Prospects of annular differential phase contrast applied for optical sectioning in STEM

The annular differential phase contrast (ADPC) mode in a third-order spherical aberration-corrected scanning transmission electron microscope (STEM) has recently been realized at an operating voltage of 300 kV by inserting a physical Fresnel phase plate in front of the objective lens and by using a detector geometry which matches that of the Fresnel phase plate [1]. By image calculation we explore the feasibility of this mode for the voltage range of 20-80kV. Alternatively, we mimic the Fresnel phase plate material-free with the help of the adjustable aberrations of the corrector. The additional correction of chromatic aberration, fifth-order spherical aberration and image spread improves significantly the resolution and contrast.

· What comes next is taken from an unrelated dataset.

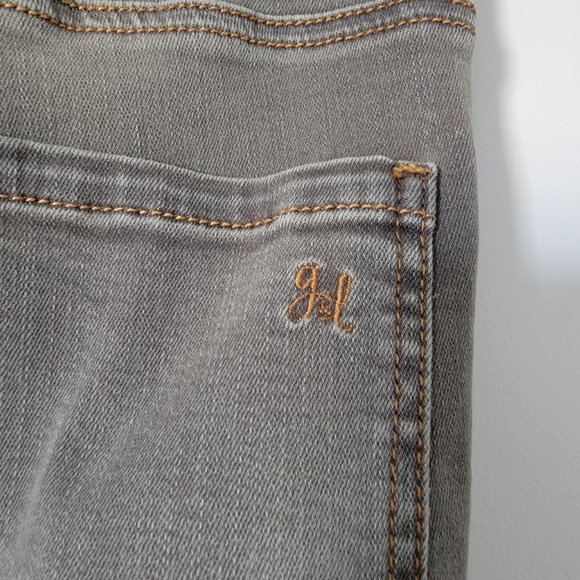 NWOT Grace & Lace grey/faded black jeans. Button fly. Size 6. - Picture 5 of 6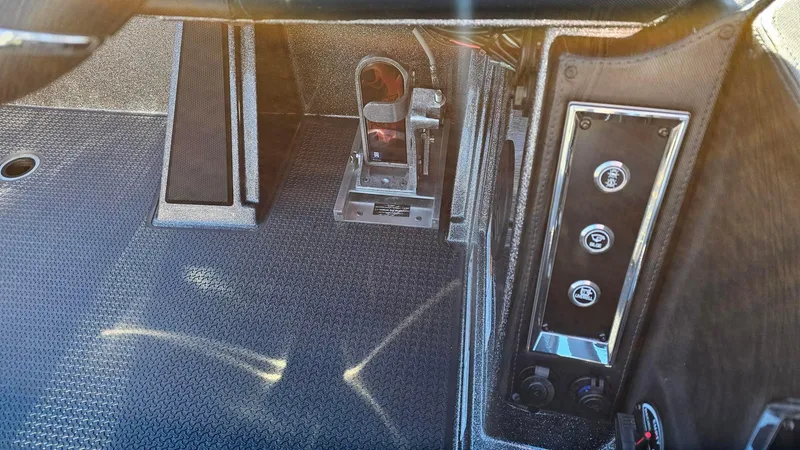 Slide: The Image of 2024 Ranger Z521R Ranger Cup Equipped boat interior controls and foot pedal. - 30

Under these advanced conditions it is possible to achieve optical sectioning in the ADPC mode with atomic resolution and a depth of field shorter than 3 Å for an accelerating voltage of 30 kV. Moreover, we show that the contrast obtained in the ADPC mode is clearly superior over the contrast in incoherent bright-field (IBF) and high-angle annular dark-field (HAADF), the two other common methods in STEM. We propose that with the advanced ADPC method applied in STEM, the investigation of the inner structure of thick samples will be possible without slicing.